■ **TASK GOAL**
Output exactly the lines below, starting with the line that has "Beef Enchiladas ·" and going on through the line that has "Monete digitali con", both included, and no other lines.

======== EXCERPTED RECORDS ========

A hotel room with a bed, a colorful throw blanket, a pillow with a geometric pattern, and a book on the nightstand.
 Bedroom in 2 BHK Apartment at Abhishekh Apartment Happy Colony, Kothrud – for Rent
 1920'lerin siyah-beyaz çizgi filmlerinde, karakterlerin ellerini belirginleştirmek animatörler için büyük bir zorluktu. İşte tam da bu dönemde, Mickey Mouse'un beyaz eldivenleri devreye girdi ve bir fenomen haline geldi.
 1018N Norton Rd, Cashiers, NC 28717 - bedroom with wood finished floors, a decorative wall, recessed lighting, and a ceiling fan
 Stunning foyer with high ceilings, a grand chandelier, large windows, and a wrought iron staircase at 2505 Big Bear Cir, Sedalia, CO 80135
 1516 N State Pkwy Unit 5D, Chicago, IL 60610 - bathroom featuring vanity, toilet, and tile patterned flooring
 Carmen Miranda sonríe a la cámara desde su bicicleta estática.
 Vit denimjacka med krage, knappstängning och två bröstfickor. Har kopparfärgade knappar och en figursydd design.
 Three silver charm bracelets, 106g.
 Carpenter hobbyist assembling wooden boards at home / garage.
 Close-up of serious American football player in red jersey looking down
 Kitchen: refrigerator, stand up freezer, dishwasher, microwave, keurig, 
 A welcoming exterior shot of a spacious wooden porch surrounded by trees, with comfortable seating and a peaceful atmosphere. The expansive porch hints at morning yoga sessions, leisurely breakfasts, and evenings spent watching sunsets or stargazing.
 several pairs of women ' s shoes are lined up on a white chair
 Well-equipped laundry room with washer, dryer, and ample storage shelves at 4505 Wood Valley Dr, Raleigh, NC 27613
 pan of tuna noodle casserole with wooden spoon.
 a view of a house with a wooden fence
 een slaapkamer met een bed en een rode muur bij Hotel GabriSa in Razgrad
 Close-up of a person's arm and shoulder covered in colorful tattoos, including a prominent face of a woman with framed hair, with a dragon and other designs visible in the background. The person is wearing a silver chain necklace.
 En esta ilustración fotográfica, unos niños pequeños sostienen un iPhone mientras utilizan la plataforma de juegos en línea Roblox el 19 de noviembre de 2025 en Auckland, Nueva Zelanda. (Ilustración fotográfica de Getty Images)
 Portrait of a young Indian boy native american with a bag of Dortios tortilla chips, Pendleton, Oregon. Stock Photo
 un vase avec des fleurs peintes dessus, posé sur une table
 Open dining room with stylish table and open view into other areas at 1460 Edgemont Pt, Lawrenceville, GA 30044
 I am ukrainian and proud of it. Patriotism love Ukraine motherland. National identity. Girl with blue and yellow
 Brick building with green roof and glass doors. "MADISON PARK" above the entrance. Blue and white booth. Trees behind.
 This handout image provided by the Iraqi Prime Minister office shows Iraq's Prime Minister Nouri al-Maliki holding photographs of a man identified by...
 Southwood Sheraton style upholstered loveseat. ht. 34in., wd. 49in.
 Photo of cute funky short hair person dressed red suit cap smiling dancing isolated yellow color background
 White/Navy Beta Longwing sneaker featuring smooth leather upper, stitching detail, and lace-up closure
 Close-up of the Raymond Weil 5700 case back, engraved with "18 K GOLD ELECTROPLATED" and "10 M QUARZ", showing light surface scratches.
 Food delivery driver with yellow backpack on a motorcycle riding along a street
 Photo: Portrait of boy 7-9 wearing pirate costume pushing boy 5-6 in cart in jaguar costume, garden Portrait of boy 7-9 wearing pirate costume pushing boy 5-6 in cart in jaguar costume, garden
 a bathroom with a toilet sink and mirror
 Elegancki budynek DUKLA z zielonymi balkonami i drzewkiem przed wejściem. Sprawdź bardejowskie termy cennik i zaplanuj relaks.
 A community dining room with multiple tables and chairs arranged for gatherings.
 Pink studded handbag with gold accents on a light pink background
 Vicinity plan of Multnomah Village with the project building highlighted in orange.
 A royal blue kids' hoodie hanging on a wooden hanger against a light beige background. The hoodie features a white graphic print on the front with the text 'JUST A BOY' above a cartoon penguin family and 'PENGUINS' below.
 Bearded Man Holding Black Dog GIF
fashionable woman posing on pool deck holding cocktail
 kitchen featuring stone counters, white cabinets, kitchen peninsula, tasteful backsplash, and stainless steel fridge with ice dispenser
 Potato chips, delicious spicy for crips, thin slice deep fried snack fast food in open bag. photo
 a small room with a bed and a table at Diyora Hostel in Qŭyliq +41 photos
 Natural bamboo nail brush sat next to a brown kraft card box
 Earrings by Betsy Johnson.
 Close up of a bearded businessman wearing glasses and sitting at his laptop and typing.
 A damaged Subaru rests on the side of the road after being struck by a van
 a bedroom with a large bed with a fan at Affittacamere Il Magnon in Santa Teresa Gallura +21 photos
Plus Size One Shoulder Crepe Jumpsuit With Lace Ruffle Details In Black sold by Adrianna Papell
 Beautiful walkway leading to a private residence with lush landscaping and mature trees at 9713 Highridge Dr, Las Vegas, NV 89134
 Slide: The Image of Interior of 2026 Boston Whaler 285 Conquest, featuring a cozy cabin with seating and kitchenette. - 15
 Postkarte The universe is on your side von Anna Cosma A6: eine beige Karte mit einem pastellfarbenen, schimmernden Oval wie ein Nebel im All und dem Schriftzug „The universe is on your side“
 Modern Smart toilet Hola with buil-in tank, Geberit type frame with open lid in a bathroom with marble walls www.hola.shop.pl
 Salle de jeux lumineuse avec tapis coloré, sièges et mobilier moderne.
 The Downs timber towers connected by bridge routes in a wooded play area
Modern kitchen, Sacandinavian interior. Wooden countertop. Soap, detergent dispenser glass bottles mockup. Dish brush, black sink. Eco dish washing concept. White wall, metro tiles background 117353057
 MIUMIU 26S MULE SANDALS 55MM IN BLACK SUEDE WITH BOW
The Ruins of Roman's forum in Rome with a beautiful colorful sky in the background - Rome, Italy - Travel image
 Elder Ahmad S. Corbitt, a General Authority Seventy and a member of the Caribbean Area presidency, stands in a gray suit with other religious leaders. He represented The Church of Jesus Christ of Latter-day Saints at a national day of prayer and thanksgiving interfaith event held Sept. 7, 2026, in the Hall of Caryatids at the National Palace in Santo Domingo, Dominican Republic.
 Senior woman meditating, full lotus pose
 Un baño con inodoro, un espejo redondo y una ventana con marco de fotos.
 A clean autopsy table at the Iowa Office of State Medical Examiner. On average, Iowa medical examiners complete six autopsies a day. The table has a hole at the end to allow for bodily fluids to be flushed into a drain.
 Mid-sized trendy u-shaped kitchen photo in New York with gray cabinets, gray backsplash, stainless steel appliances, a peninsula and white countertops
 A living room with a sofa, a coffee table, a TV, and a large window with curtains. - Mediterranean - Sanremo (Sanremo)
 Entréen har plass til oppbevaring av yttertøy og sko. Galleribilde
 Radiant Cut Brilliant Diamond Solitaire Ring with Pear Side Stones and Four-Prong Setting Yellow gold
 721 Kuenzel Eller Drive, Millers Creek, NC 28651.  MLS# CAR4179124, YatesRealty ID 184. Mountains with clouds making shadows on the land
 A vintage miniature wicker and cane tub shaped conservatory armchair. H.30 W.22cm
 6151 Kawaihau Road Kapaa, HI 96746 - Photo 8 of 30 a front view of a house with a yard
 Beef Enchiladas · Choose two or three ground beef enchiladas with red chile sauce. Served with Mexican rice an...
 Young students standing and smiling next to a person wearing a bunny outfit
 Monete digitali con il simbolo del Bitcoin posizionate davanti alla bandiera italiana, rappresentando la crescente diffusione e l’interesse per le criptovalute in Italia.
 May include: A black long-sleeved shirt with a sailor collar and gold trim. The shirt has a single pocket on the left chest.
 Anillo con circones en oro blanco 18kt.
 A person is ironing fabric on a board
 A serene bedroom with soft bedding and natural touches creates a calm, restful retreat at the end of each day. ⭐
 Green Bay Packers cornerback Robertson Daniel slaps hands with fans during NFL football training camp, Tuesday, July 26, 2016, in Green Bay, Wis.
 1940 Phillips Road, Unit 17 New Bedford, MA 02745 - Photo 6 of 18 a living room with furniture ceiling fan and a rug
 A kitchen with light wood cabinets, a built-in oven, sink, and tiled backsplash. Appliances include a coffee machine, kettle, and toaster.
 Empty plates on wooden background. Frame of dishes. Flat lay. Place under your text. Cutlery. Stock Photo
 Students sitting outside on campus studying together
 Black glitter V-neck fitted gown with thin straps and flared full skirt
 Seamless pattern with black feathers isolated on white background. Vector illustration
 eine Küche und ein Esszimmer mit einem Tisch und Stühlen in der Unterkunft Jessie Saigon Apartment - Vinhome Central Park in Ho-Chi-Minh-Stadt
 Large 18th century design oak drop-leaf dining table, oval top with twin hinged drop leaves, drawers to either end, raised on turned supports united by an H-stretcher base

========

■ **EXERCISE ANSWER**
 Beef Enchiladas · Choose two or three ground beef enchiladas with red chile sauce. Served with Mexican rice an...
 Young students standing and smiling next to a person wearing a bunny outfit
 Monete digitali con il simbolo del Bitcoin posizionate davanti alla bandiera italiana, rappresentando la crescente diffusione e l’interesse per le criptovalute in Italia.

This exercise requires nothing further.